● **RECORDED INFORMATION**
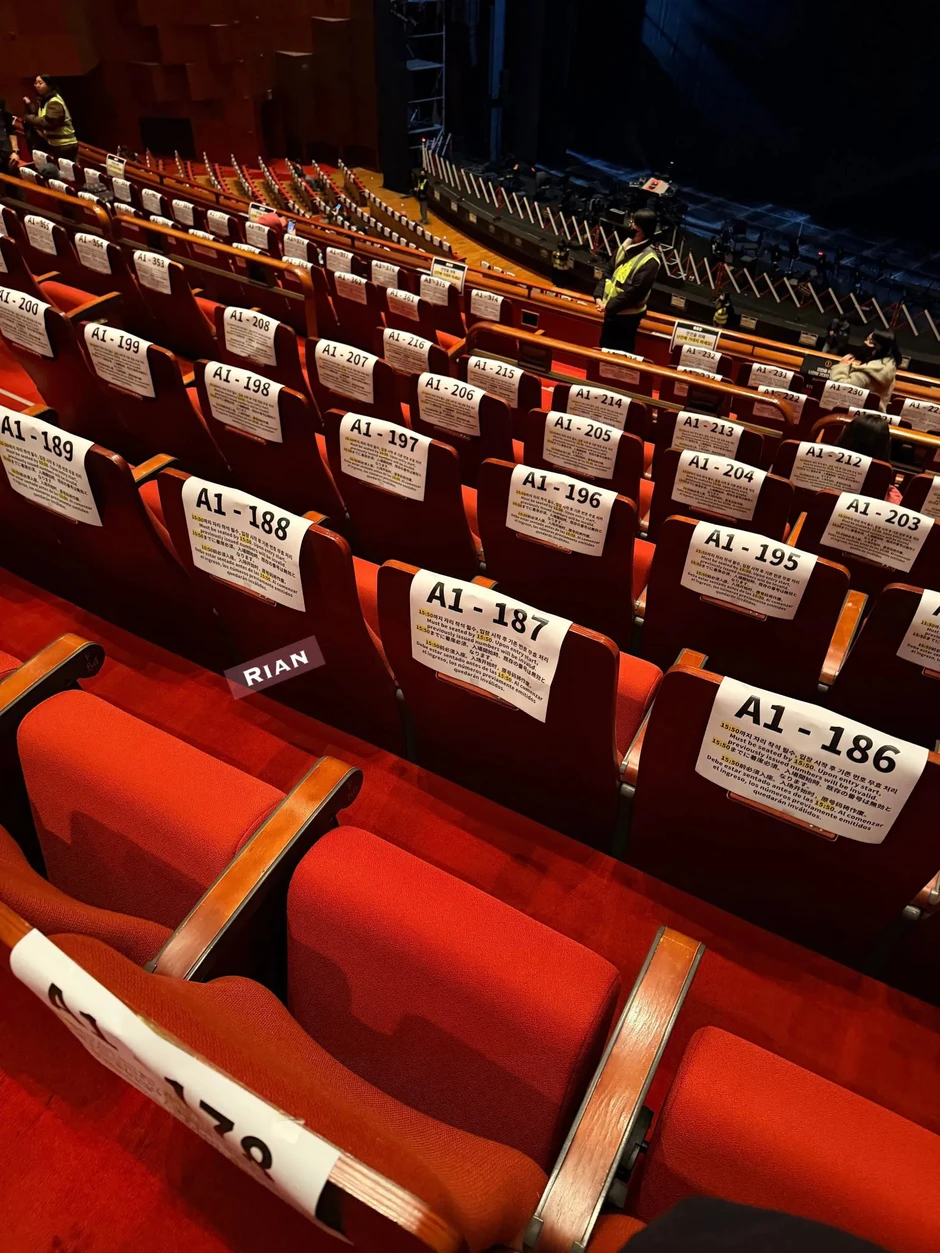 Cập nhật concert miễn phí của BTS tại Quảng trường Gwanghwamun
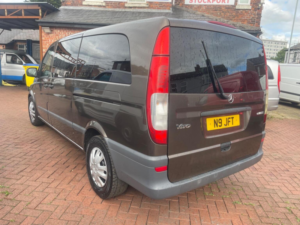 2013 Mercedes-Benz Vito 2.1 113 Cdi Blueefficiency Traveliner L1 5dr in Brown — image 3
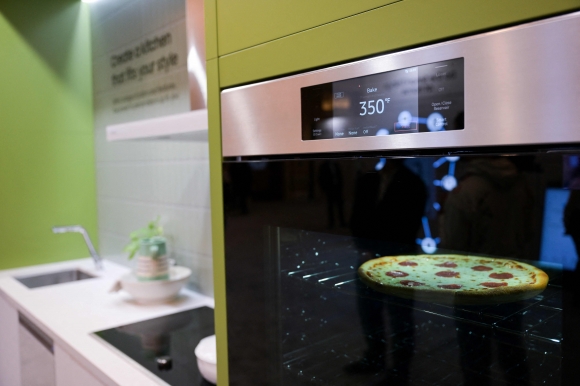 Consumer Electronics Show (CES) 2023 - <YONHAP PHOTO-0600> A mockup of the Samsung Bespoke AI Wall Oven, featuring a built-in camera, is displayed during a preview of Samsung Electronics Co.?s Bespoke Home appliances and SmartThings home technologies ahead of the Consumer Electronics Show (CES) in Las Vegas, Nevada, on January 3, 2023. - CES takes place from January 5-8, 2023. (Photo by Patrick T. Fallon / AFP)/2023-01-05 05:00:50/ <저작권자 ⓒ 1980-2023 ㈜연합뉴스. 무단 전재 재배포 금지.>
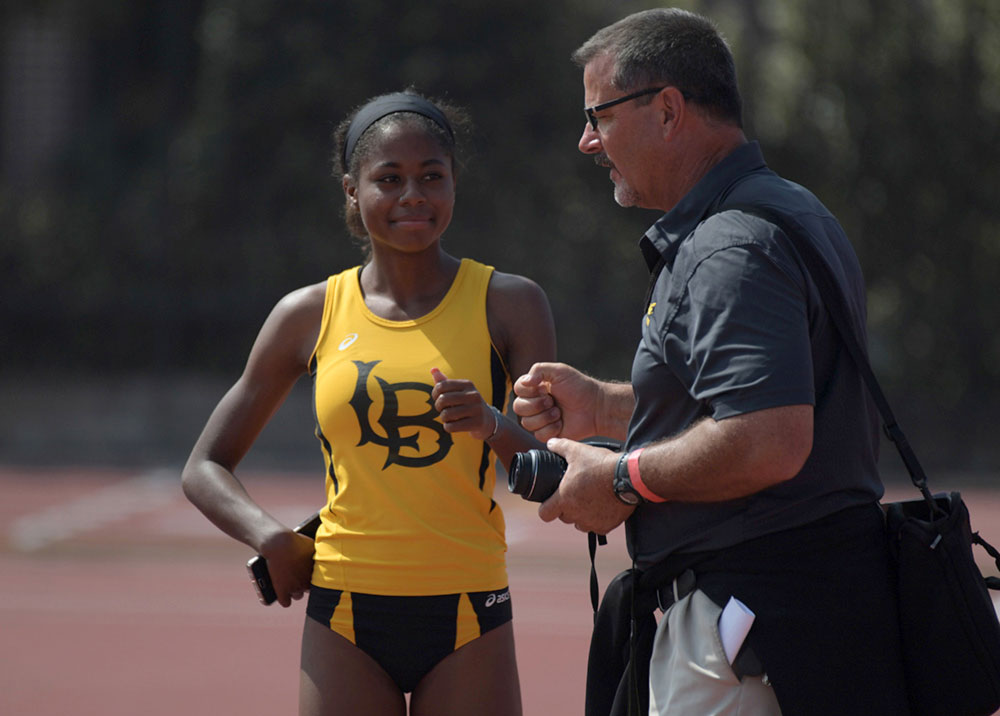 NCAA revoluciona el atletismo: cambios en becas y rosters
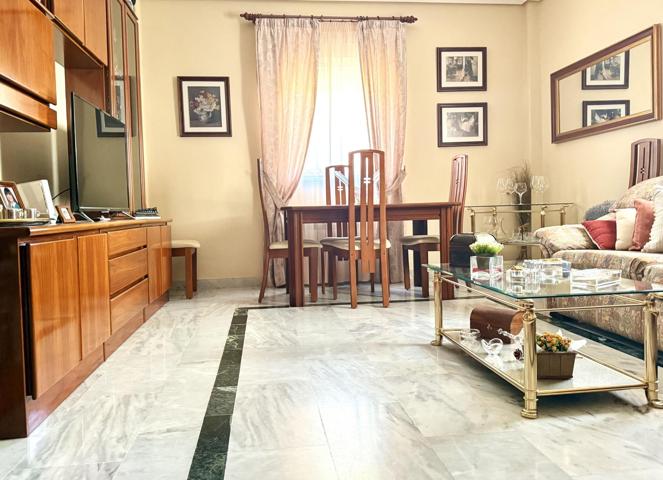 Oportunidad en Encinarejo. Casa de 2 plantas con terraza, 2 trasteros y cochera photo 0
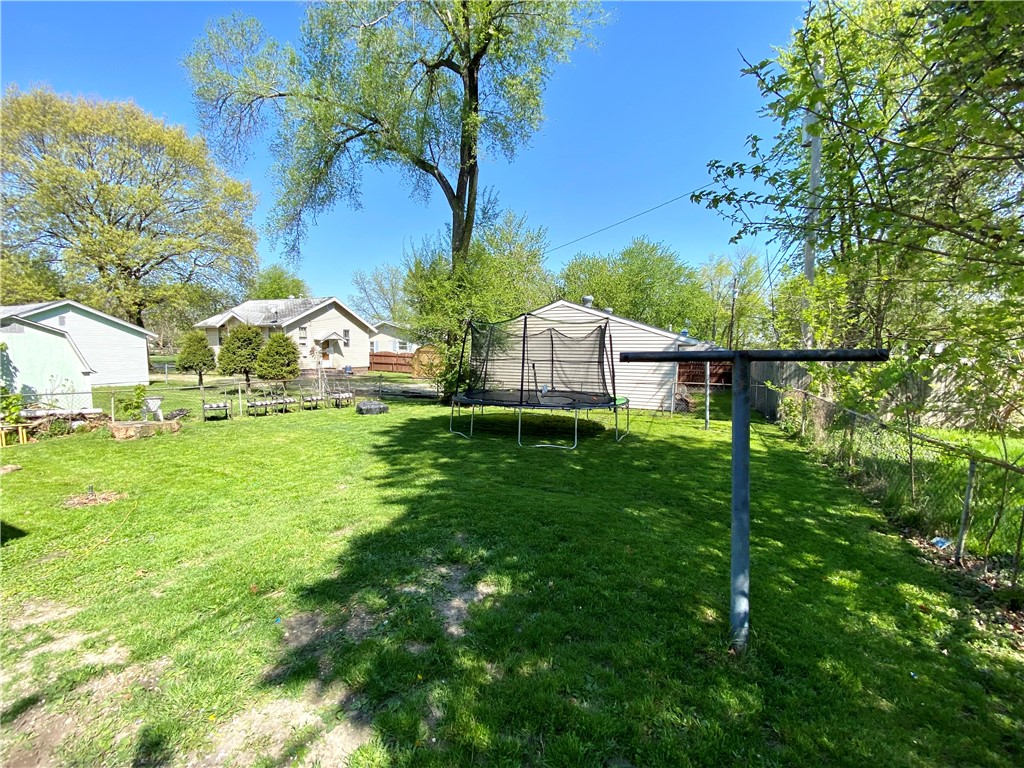 1124 Cushing Street Decatur, IL 62526 - Photo 30 of 32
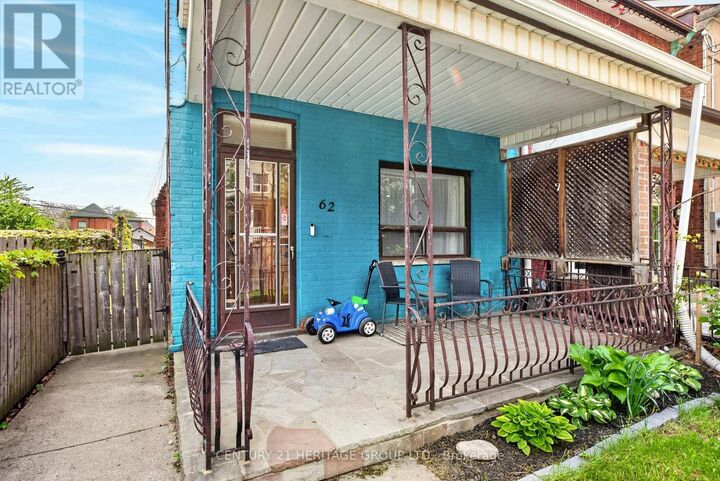 Property Photo:  62 Emerald Street North  ON L8L 5K3 
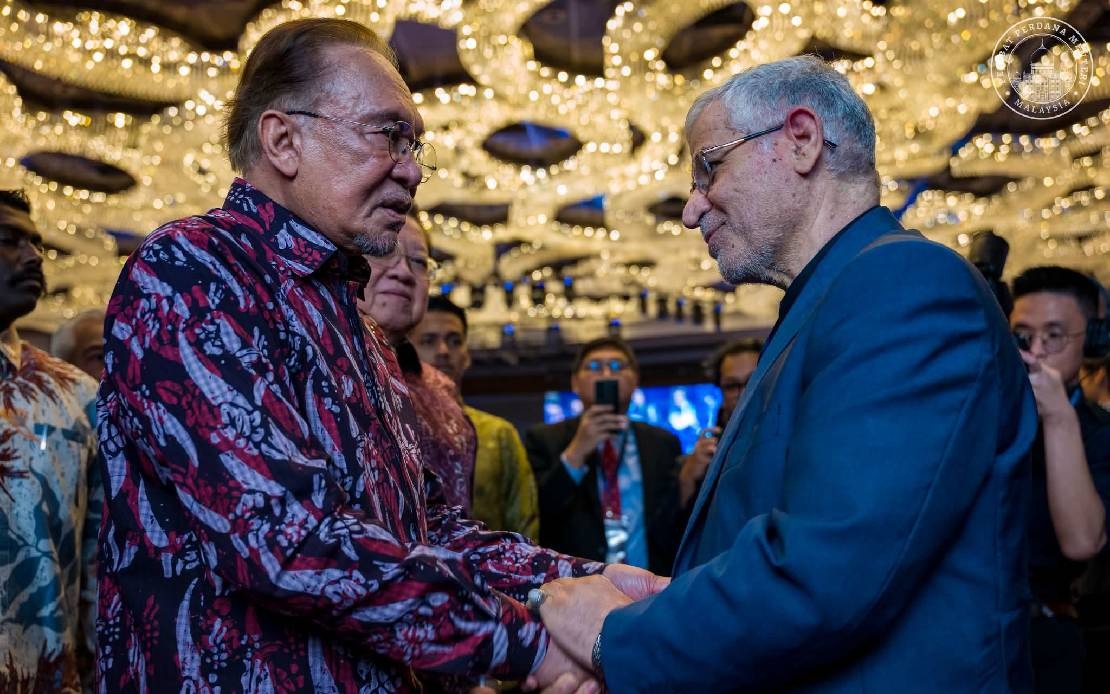 PM Anwar Apologises To Iran For Missing Khamenei's Funeral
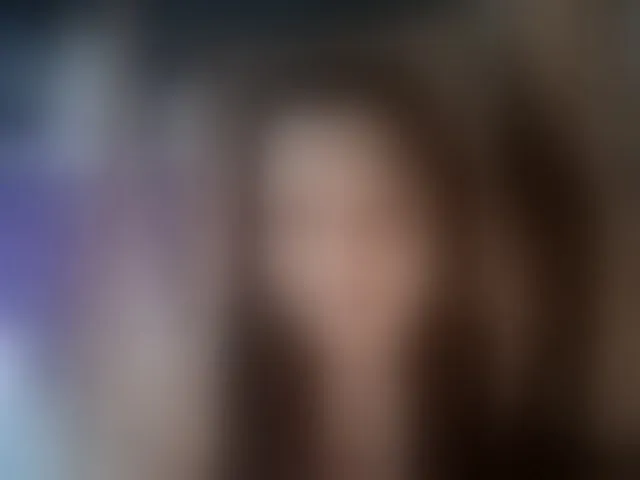 Live sex webcam photo for FiestyQueen #293979150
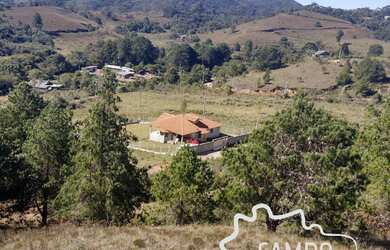 Imagem: A chácara possui 3 Dormitórios, 2 Suítes, 1 Banheiro, 3.790m²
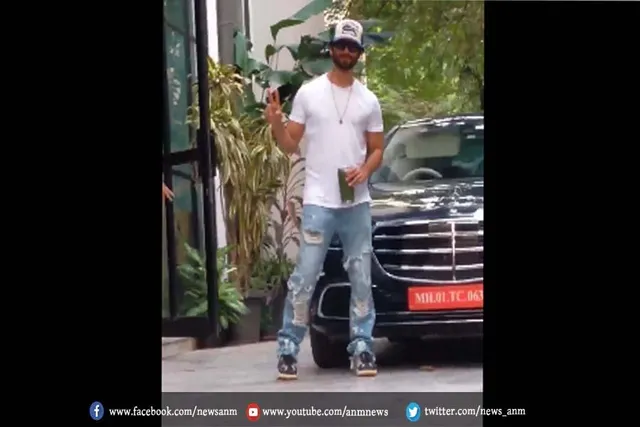 मैडॉक ऑफिस के बाहर स्पॉट हुए शाहिद कपूर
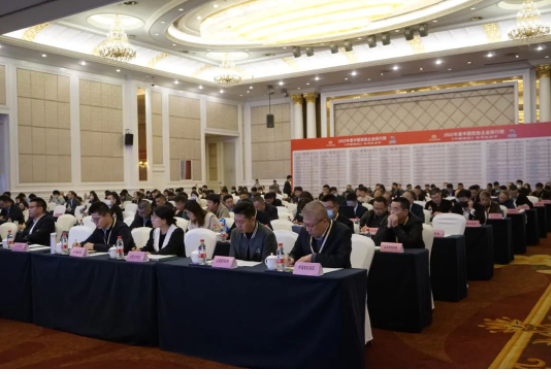 另一方面，隨著環(huán)保理念的日益普及，輪胎行業(yè)也在積極探索綠色發(fā)展道路?？肆痔柕沫h(huán)保發(fā)展理念和智慧工廠建設，是行業(yè)向綠色循環(huán)利用發(fā)展的一個縮影。環(huán)保意識的提高，也將推動輪胎行業(yè)向更加環(huán)保、可持續(xù)的方向轉型。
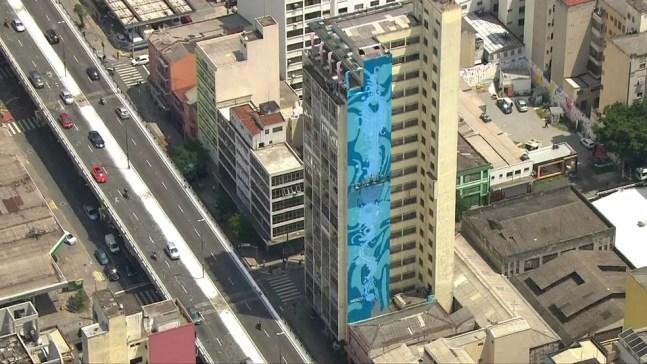 Grafite do artista Zezão no Minhocão, na região Central de São Paulo — Foto: Reprodução/TV Globo
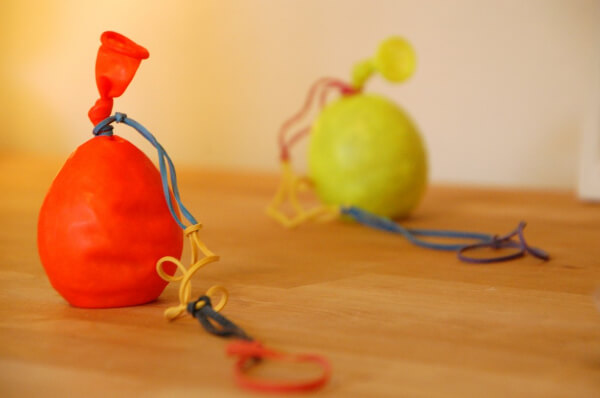 Easy-To-Make Simple Balloon Yo-Yo Game Idea For Kids : Fun Balloon Games For Kids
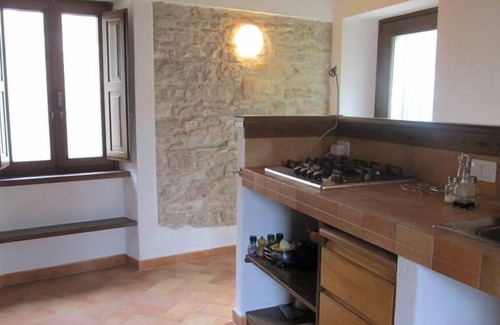 Piobbico House | HOUSE in the HEART of the MEDIEVAL VILLAGE, indipendent entrance with garden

● **EXERCISE DETAILS**
The copy should hold only the lines from the one with "PM Anwar Apologises" through the one with "另一方面，隨著環(huá", exactly as they stand above. Leave out the pictures.

● **RESPONSE**
 PM Anwar Apologises To Iran For Missing Khamenei's Funeral
 Live sex webcam photo for FiestyQueen #293979150
 Imagem: A chácara possui 3 Dormitórios, 2 Suítes, 1 Banheiro, 3.790m²
 मैडॉक ऑफिस के बाहर स्पॉट हुए शाहिद कपूर
 另一方面，隨著環(huán)保理念的日益普及，輪胎行業(yè)也在積極探索綠色發(fā)展道路?？肆痔柕沫h(huán)保發(fā)展理念和智慧工廠建設，是行業(yè)向綠色循環(huán)利用發(fā)展的一個縮影。環(huán)保意識的提高，也將推動輪胎行業(yè)向更加環(huán)保、可持續(xù)的方向轉型。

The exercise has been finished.